Work to complete
Retype word for word the lines of the data below, from the first to the one bearing "So this is a", with that one included.

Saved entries

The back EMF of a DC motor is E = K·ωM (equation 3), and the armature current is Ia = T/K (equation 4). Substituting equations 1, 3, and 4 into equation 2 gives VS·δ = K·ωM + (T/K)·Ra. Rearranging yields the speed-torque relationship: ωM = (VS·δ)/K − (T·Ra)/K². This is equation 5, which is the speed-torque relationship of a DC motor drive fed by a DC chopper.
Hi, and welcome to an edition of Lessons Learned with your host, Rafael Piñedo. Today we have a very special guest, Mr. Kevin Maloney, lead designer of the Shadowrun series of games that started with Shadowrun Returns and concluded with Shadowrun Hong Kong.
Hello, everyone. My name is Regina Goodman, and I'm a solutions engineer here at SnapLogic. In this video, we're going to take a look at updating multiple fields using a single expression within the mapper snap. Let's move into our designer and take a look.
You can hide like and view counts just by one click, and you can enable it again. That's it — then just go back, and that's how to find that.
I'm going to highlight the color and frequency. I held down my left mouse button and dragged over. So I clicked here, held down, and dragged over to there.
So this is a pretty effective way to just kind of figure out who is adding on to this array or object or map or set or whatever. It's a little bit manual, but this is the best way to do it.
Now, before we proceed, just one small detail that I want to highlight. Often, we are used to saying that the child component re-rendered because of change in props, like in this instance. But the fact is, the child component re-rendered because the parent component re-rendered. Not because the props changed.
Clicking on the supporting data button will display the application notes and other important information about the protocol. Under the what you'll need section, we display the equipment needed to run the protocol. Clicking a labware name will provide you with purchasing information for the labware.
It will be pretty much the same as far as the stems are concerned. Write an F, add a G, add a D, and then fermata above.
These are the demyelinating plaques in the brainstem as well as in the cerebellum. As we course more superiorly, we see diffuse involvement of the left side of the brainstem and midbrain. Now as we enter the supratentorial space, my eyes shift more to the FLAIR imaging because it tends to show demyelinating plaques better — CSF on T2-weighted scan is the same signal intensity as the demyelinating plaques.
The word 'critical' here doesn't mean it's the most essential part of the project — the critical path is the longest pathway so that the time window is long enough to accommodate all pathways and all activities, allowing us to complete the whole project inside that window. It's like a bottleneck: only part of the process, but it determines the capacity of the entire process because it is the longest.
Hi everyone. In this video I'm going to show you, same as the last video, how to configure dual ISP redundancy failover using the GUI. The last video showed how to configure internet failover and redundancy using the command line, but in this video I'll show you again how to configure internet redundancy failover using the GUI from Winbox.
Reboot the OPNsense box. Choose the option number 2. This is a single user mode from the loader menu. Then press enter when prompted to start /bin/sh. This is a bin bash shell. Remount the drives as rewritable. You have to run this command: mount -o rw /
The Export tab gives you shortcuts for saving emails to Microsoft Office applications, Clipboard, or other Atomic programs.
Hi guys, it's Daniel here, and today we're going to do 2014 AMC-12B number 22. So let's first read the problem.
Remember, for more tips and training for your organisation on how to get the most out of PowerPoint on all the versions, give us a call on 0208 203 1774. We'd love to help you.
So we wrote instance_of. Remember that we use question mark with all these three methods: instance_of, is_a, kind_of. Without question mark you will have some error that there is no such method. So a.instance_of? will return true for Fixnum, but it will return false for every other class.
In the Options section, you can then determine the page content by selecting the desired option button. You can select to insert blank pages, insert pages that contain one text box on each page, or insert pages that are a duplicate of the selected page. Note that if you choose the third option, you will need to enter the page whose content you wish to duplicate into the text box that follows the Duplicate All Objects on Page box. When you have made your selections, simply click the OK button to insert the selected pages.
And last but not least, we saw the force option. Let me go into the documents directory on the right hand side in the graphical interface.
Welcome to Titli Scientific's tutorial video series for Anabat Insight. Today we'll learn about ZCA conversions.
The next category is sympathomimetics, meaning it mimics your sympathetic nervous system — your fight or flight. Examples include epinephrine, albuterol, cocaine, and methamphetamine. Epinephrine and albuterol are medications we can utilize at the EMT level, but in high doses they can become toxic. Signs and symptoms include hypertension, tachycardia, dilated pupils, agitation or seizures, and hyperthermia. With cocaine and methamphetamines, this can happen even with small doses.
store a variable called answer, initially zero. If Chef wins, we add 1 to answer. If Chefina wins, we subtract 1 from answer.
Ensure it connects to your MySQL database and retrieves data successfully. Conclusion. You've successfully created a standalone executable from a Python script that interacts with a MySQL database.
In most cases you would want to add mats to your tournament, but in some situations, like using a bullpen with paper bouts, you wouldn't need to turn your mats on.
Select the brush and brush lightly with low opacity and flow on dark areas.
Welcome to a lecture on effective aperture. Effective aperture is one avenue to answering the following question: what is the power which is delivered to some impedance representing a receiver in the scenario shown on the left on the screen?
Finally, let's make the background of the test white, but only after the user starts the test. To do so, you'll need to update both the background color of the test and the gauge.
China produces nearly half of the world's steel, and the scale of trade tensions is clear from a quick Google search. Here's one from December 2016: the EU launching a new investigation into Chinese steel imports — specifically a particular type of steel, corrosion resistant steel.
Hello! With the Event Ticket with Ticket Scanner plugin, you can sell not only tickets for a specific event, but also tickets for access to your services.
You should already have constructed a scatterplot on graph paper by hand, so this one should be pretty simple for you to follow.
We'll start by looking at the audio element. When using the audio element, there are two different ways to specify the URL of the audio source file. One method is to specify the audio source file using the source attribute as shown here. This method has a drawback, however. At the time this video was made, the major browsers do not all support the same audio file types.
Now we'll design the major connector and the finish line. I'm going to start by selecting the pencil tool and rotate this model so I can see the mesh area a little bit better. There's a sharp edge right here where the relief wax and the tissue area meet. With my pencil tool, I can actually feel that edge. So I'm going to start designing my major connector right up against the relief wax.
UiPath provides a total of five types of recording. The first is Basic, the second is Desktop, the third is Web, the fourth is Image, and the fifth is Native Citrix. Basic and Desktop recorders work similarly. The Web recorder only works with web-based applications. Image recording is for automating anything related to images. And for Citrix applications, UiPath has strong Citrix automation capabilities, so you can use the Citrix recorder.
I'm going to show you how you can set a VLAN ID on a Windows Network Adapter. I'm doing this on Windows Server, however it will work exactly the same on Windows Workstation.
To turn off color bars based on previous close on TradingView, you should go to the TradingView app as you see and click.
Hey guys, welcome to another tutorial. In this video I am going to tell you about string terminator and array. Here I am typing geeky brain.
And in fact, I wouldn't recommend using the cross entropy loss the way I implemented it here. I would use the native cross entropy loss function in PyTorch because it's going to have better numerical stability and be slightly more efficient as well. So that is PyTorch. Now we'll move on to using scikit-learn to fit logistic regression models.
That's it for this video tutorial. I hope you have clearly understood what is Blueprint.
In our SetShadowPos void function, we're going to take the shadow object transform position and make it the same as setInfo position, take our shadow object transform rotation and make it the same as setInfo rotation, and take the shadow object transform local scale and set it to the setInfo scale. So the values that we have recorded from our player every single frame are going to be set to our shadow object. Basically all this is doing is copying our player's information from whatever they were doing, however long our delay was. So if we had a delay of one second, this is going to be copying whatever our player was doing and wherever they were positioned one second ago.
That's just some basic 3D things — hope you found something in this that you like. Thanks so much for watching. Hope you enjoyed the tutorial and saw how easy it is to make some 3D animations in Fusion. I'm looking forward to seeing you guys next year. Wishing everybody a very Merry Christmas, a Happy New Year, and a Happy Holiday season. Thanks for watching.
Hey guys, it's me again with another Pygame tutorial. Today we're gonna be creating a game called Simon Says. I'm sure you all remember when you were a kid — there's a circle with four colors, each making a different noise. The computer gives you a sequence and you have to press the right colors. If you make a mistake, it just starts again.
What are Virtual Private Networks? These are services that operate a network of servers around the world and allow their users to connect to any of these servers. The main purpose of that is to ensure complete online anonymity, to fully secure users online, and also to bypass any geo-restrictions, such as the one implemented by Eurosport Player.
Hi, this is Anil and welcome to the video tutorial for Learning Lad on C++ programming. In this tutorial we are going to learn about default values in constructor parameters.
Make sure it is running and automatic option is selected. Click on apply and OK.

Solved exercise
The back EMF of a DC motor is E = K·ωM (equation 3), and the armature current is Ia = T/K (equation 4). Substituting equations 1, 3, and 4 into equation 2 gives VS·δ = K·ωM + (T/K)·Ra. Rearranging yields the speed-torque relationship: ωM = (VS·δ)/K − (T·Ra)/K². This is equation 5, which is the speed-torque relationship of a DC motor drive fed by a DC chopper.
Hi, and welcome to an edition of Lessons Learned with your host, Rafael Piñedo. Today we have a very special guest, Mr. Kevin Maloney, lead designer of the Shadowrun series of games that started with Shadowrun Returns and concluded with Shadowrun Hong Kong.
Hello, everyone. My name is Regina Goodman, and I'm a solutions engineer here at SnapLogic. In this video, we're going to take a look at updating multiple fields using a single expression within the mapper snap. Let's move into our designer and take a look.
You can hide like and view counts just by one click, and you can enable it again. That's it — then just go back, and that's how to find that.
I'm going to highlight the color and frequency. I held down my left mouse button and dragged over. So I clicked here, held down, and dragged over to there.
So this is a pretty effective way to just kind of figure out who is adding on to this array or object or map or set or whatever. It's a little bit manual, but this is the best way to do it.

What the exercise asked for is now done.